Work order = Every line below from the one with "7642-DARK DENIM" through the one with "Mayra Garcia" should be retyped exactly, both ends included; no other lines and no pictures.

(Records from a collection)
# # # #
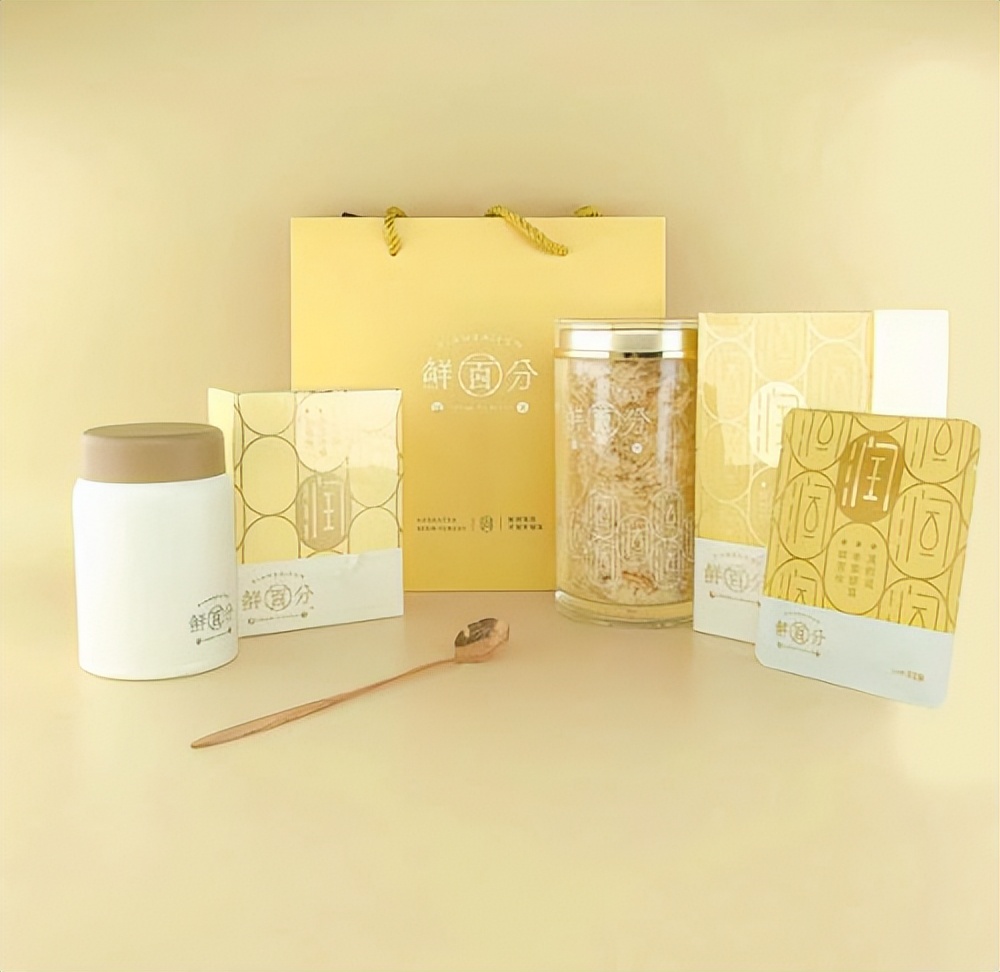 女士50岁每天喝银耳好吗,所有女性都适合喝银耳吗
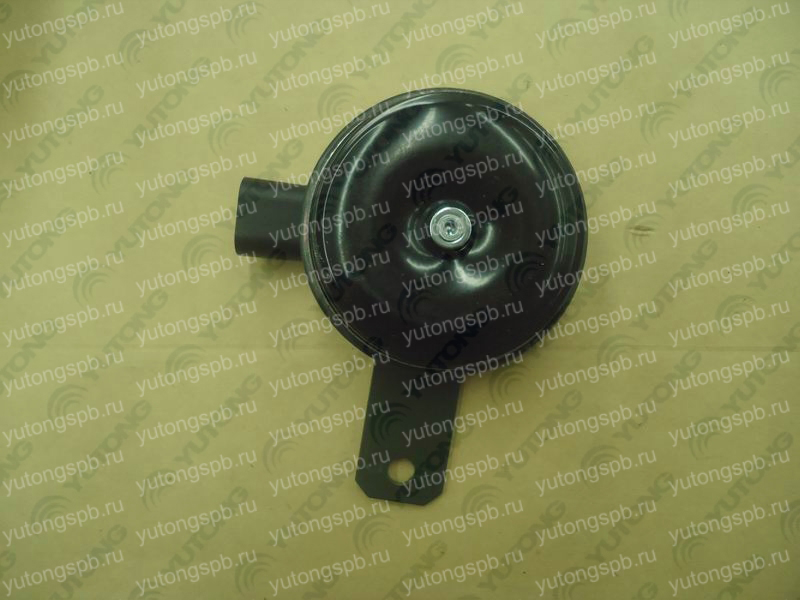 3721-00299 Электрический сигнал DL228D,360±30Hz Yutong (Ютонг) 3721-00299 Электрический сигнал DL228D,360±30Hz Yutong (Ютонг)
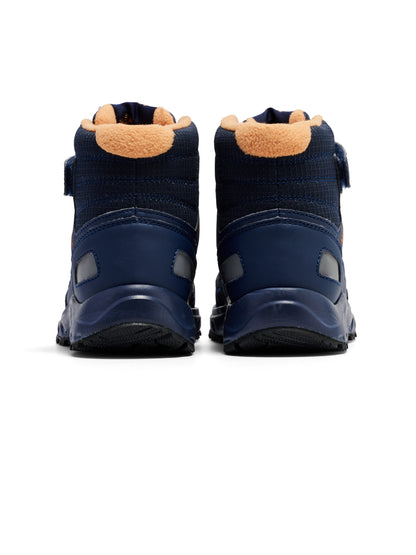 7642-DARK DENIM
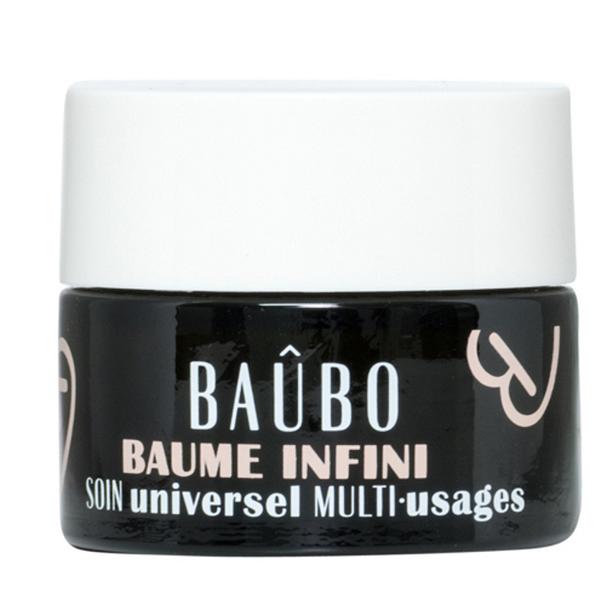 Balsam Universal Infinite Baubo, 50 ml Baubo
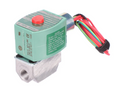 ASCO SV311A01N6BF5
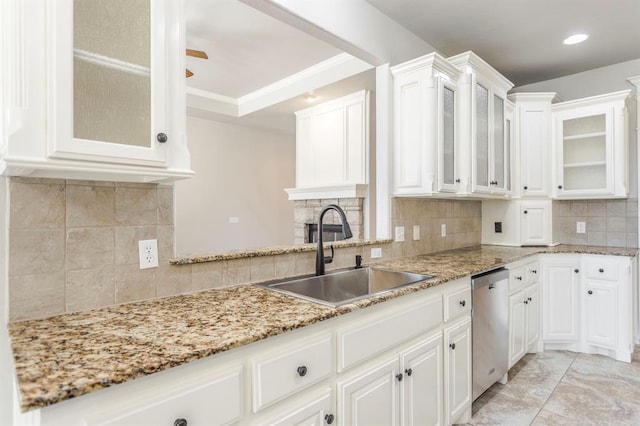 4608 NW 162nd St, Edmond, OK 73013 - photo 5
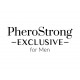 PheroStrong pheromone EXCLUSIVE for Men perfumy z feromonami dla mężczyzn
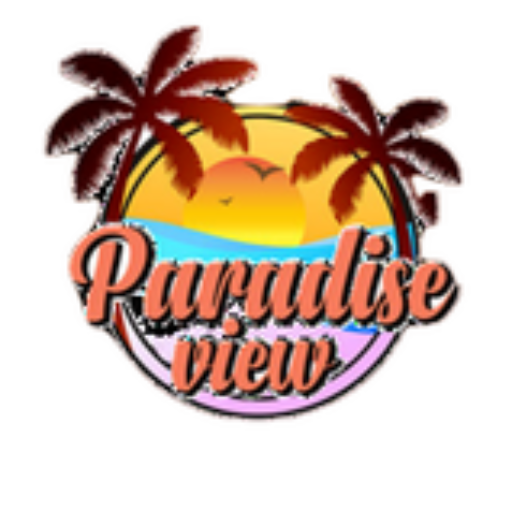 Paradiseview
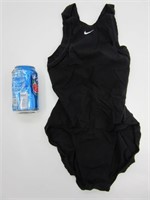Nike, maillot de bain neuf gr 12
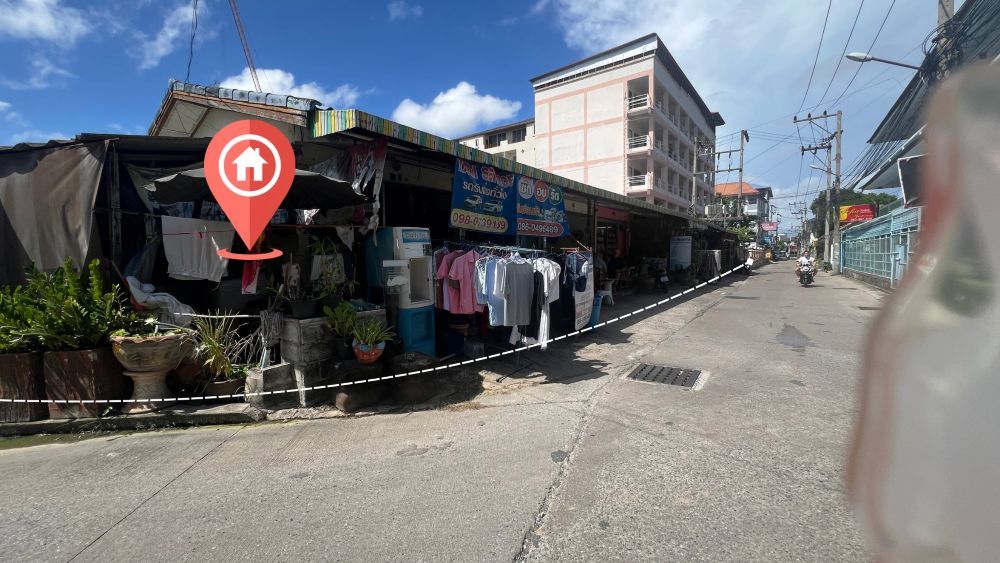 รูปภาพสินค้า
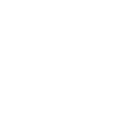 GRID eSports logo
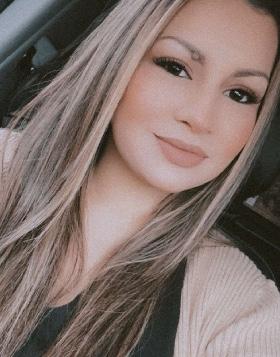 Mayra Garcia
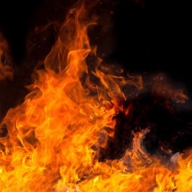 � ����������� ������� � ������ ������� 3 ��������, � ��� ����� ��������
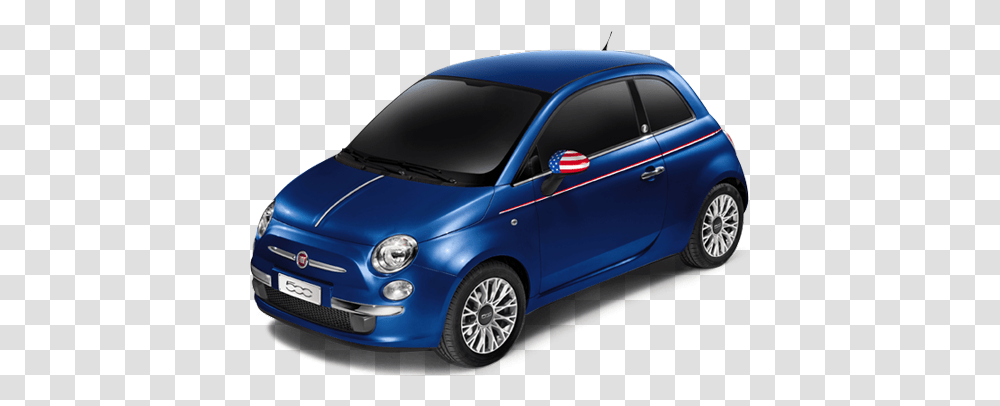 Fiat, Car, Vehicle, Transportation, Sedan Transparent Png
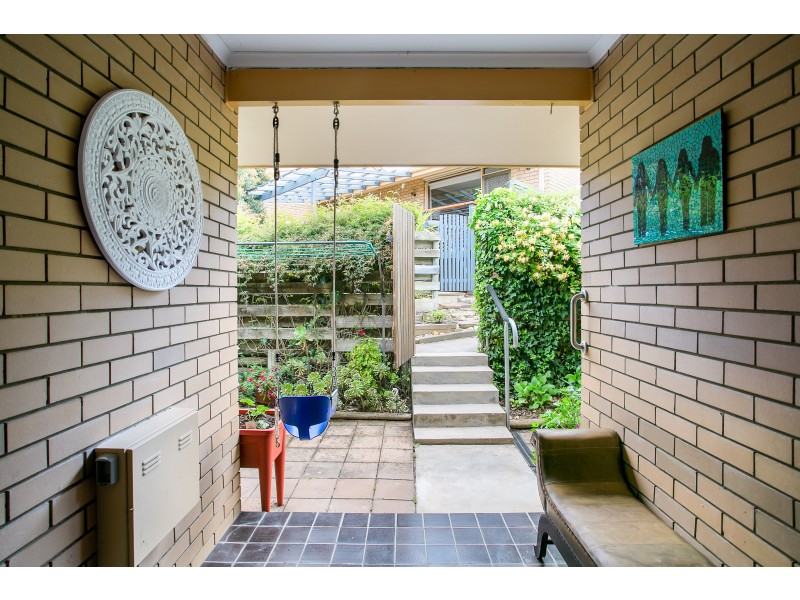 12/37 Eve Road, Bellevue Heights SA 5050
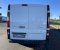 RENAULT TRAFIC Furgon EXTRA L2H1 HD 2.0 dCi 130 Euro6e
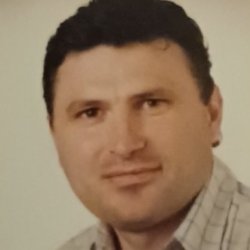 Jurij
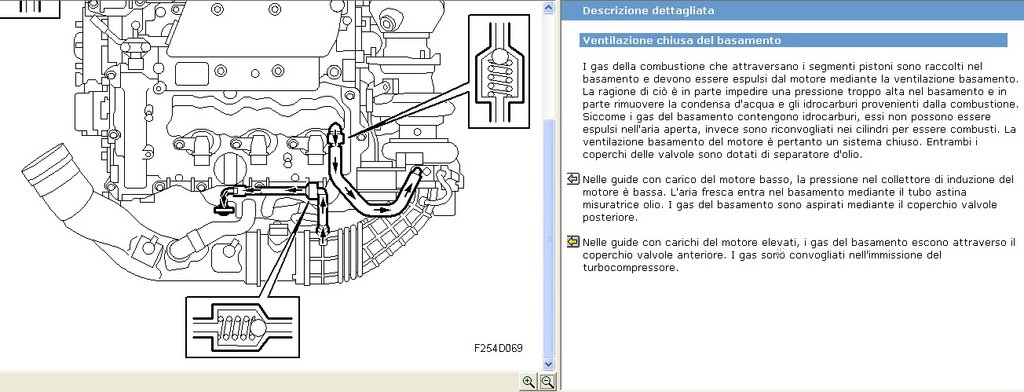 ventilazione basamento.jpg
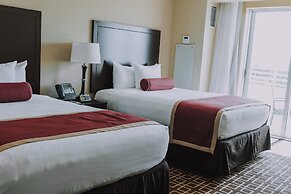 Miccosukee Casino & Resort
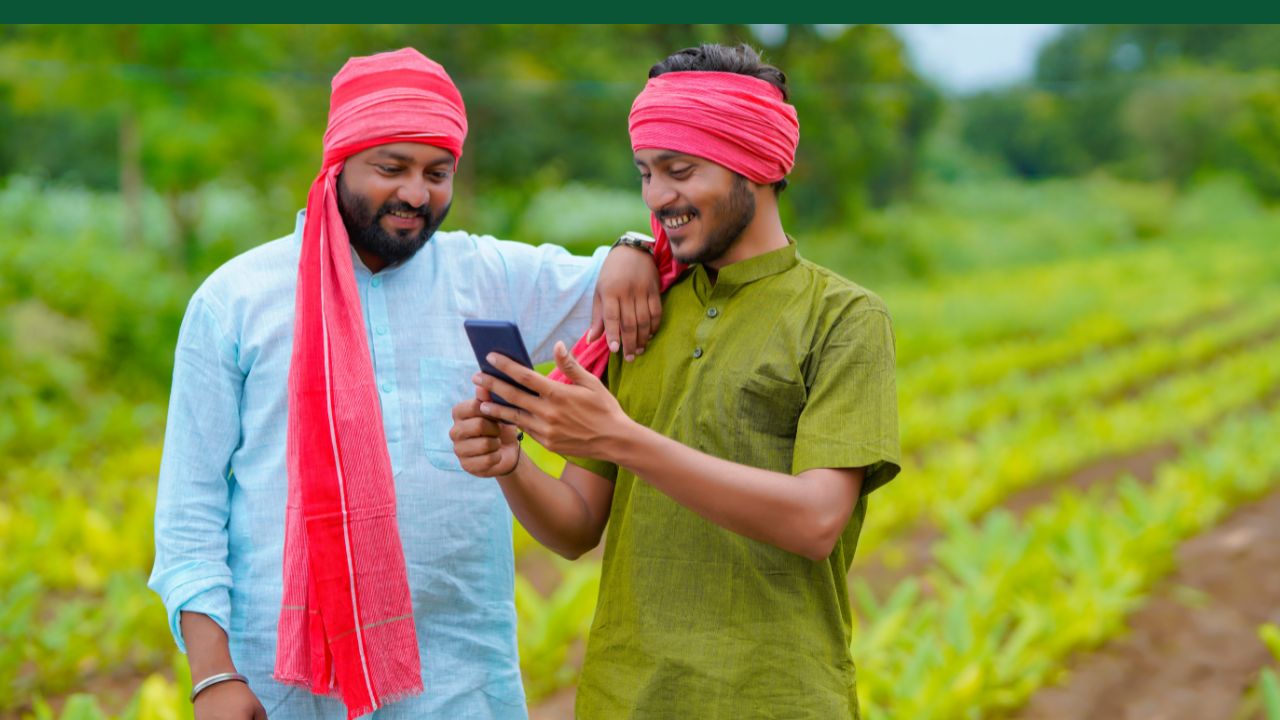 सरकार ने खोला सब्सिडी का पिटारा, बागवानी के लिए 1.40 लाख, फूलों की खेती पर 40 हजार रुपये मिलेंगे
# # # #
Your solution =
 7642-DARK DENIM
 Balsam Universal Infinite Baubo, 50 ml Baubo
 ASCO SV311A01N6BF5
 4608 NW 162nd St, Edmond, OK 73013 - photo 5
 PheroStrong pheromone EXCLUSIVE for Men perfumy z feromonami dla mężczyzn
 Paradiseview
Nike, maillot de bain neuf gr 12
 รูปภาพสินค้า
 GRID eSports logo
 Mayra Garcia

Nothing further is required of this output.